If plans hold, we will move back to 2621 Douglas in a couple of years, after the building is transformed by Merchant Capital, which bought it from the Times Colonist a couple of years ago.

The Times Colonist has been at 2621 Douglas since 1972, when the afternoon Victoria Times and the morning Daily Colonist moved into this building from the one next door, 2631 Douglas. 2621 was designed with expansion in mind, but changing technology means that work once done by dozens of people can be done by one or two.

As an example: At one time, people in the newsroom would design a page on a paper dummy then hand it to someone else to complete. The finished page would be photographed, and the negative used to create a plate for the press. Today, everything is on computer – and when the page is ready, with a keystroke the plate pops out of a machine at the press facility in Ladysmith.

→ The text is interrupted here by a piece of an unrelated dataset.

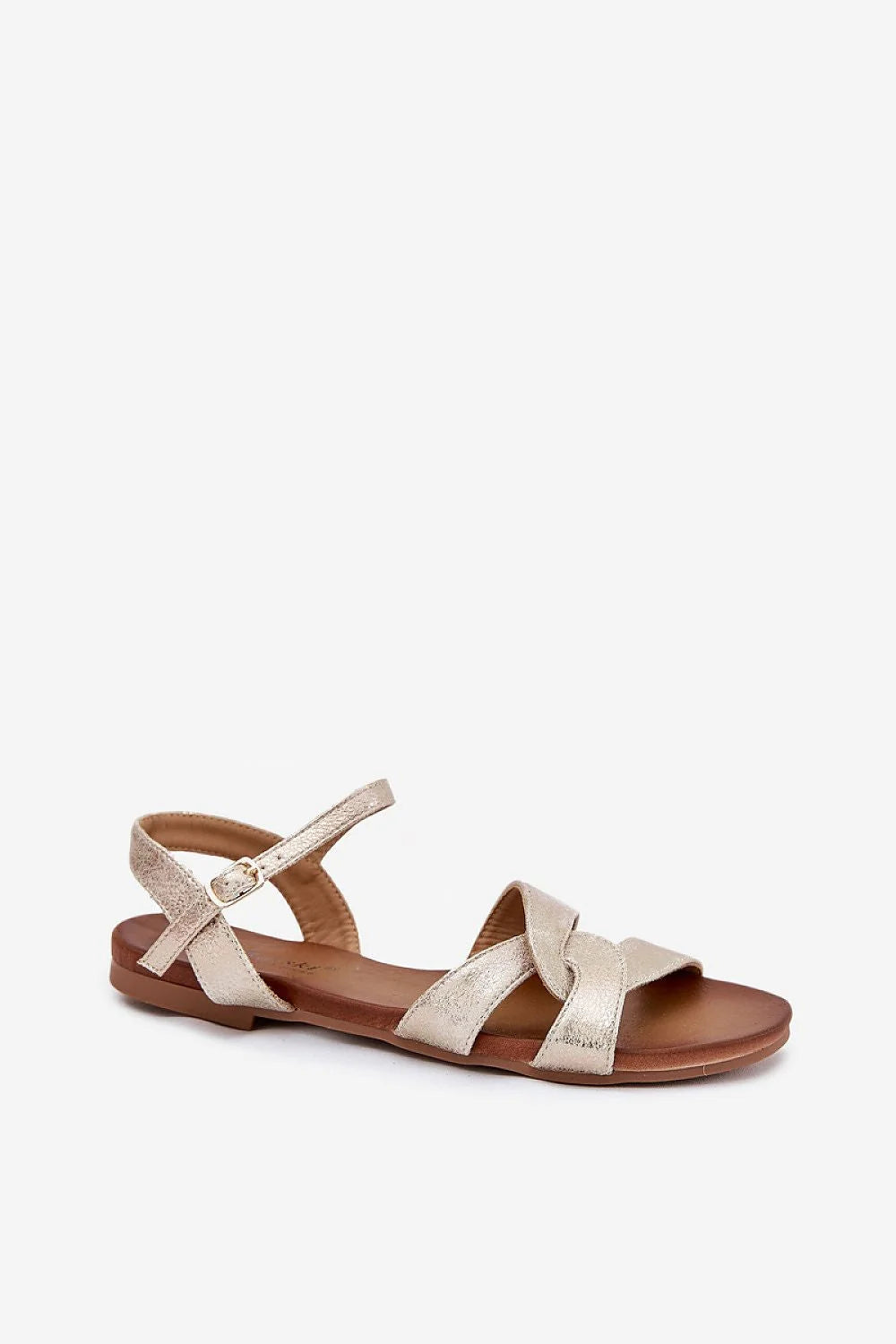 sandales féminines élégantes plates brides croisées dorées simili cuir métallisé champagne boucle cheville réglable semelle marron rembourrée confortable estivale minimaliste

We were at 2631 Douglas for only 21 years. That building has been expanded and rebuilt to become the John Alfred Manor for seniors.

The two newspapers were in a variety of locations in the downtown core from when they were started (the Colonist in 1858, the Times in 1884) until their move north of Bay Street in May 1951.

But enough about history. What will thismean to you — our loyal readers and advertisers?

In truth, not much. Our office has been closed to the public since the pandemic hit in March. It will remain closed in our new location until we are no longer quite as concerned about the spread of COVID-19.

Besides, many of our staff members are working from their homes. They might not notice the change either.

This move to a temporary home is part of our long-term plans to reinvigorate our business and ensure that we continue to serve Greater Victoria for many more decades.

No matter where our office may be, our commitment to the community will not waver.